── LISTED ENTRIES ──

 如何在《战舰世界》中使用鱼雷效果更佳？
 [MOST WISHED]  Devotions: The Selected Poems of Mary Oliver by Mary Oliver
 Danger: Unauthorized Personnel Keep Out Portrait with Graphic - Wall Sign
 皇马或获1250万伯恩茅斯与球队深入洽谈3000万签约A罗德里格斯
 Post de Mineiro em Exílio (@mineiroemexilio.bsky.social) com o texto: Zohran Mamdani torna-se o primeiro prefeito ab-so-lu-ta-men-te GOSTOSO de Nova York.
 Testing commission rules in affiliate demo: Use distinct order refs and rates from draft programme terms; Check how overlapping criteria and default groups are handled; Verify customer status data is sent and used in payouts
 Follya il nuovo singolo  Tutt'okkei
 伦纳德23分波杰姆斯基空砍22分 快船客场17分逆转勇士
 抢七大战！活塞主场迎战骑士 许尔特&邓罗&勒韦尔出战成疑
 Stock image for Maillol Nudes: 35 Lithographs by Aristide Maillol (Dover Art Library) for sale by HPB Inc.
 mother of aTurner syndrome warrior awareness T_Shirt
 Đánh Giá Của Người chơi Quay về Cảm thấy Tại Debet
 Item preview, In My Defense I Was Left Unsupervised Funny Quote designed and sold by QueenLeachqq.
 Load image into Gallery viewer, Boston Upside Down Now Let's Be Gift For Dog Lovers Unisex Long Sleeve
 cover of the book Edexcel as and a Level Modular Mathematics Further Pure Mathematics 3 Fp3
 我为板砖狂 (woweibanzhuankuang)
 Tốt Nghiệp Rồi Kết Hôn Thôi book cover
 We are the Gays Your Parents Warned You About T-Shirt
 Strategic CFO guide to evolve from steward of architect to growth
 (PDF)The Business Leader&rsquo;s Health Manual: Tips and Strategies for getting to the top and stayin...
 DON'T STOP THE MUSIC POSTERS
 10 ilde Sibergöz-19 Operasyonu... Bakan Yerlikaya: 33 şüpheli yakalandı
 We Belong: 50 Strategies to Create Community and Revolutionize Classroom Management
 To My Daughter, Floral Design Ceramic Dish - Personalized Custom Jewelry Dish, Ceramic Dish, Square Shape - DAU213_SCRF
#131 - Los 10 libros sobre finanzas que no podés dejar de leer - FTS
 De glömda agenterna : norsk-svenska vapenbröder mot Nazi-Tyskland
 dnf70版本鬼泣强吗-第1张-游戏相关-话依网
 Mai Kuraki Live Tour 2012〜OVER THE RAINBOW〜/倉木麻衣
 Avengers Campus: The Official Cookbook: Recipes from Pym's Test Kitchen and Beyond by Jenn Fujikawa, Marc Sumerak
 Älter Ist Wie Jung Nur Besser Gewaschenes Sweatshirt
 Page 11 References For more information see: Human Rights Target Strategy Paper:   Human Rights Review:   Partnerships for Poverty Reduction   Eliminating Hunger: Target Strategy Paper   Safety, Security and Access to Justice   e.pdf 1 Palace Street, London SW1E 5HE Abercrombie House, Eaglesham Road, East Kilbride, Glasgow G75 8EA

───

» ABOUT THIS EXERCISE: Which lines in the material contain the word "Strategies"? Pull each of them out.

» REPLY:
 (PDF)The Business Leader&rsquo;s Health Manual: Tips and Strategies for getting to the top and stayin...
 We Belong: 50 Strategies to Create Community and Revolutionize Classroom Management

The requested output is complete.